== RECORD EXTRACTS
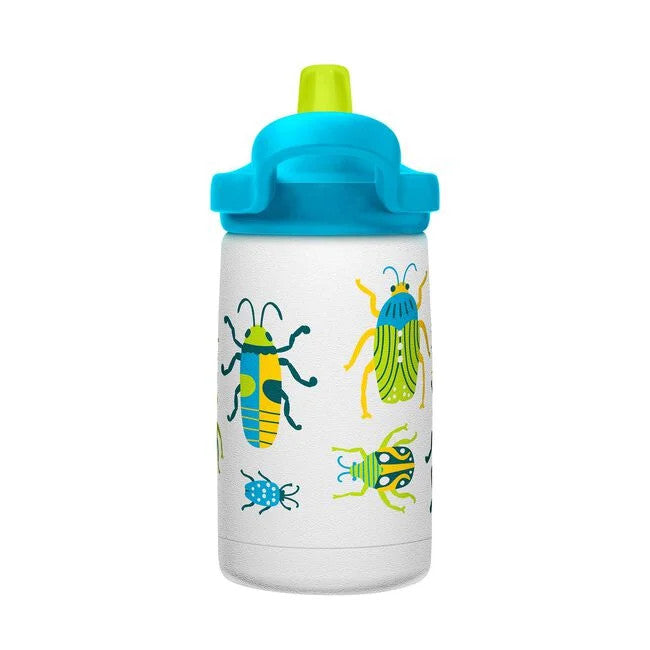 CAMELBAK EDDY VACUUM INSULATED STAINLESS STEEL KIDS WATER BOTTLE 350MLVSSBUGS - baby enRoute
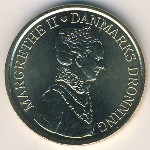 Дания, 20 крон (2012 г.)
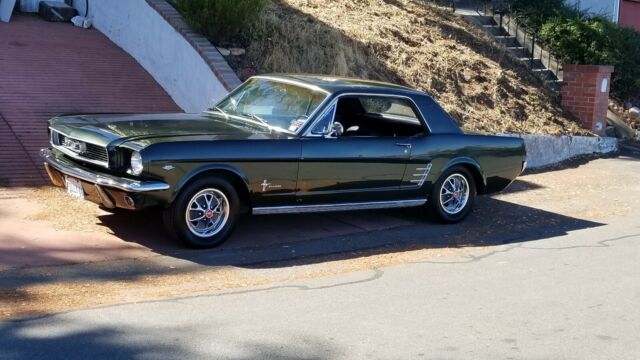 1966 Ford Mustang Chrome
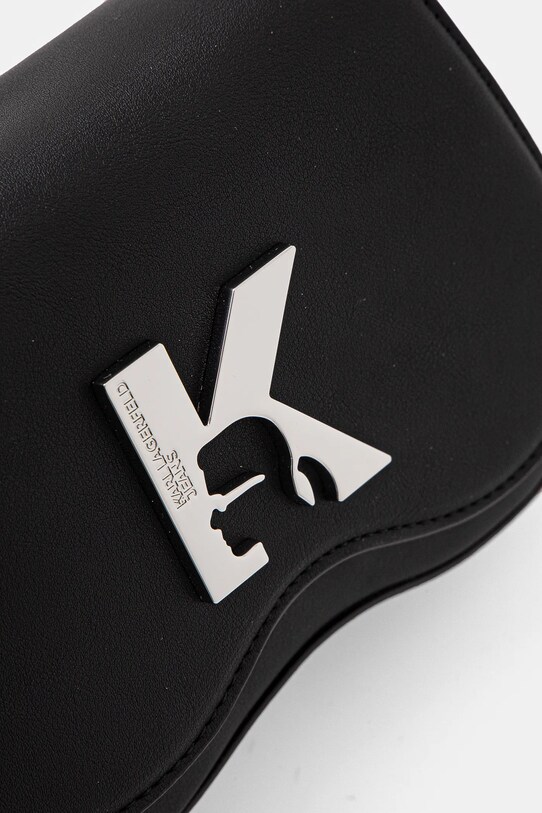 Kabelka Karl Lagerfeld Jeans čierna A1W30286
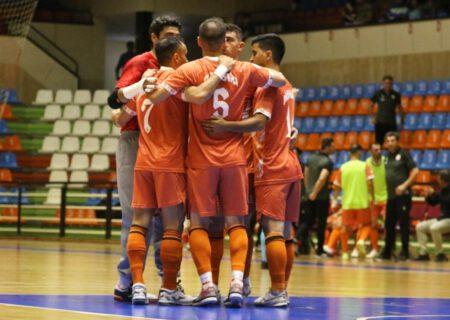 استارت طوفانی مس سونگون در لیگ برتر فوتسال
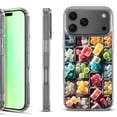 thumbnail image 1 of For iPhone 17 Pro Shockproof Protective Phone Case, by OneToughShield - Candy Box, 1 of 5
====
— WHAT YOU NEED TO DO —
Start at the top of the entries and repeat each line exactly, ending at the line that contains "استارت طوفانی مس سونگون در لیگ برتر فوتسال". Pictures are not part of the copy.

— SOLUTION FOR THIS EXERCISE —
 CAMELBAK EDDY VACUUM INSULATED STAINLESS STEEL KIDS WATER BOTTLE 350MLVSSBUGS - baby enRoute
 Дания, 20 крон (2012 г.)
 1966 Ford Mustang Chrome
 Kabelka Karl Lagerfeld Jeans čierna A1W30286
 استارت طوفانی مس سونگون در لیگ برتر فوتسال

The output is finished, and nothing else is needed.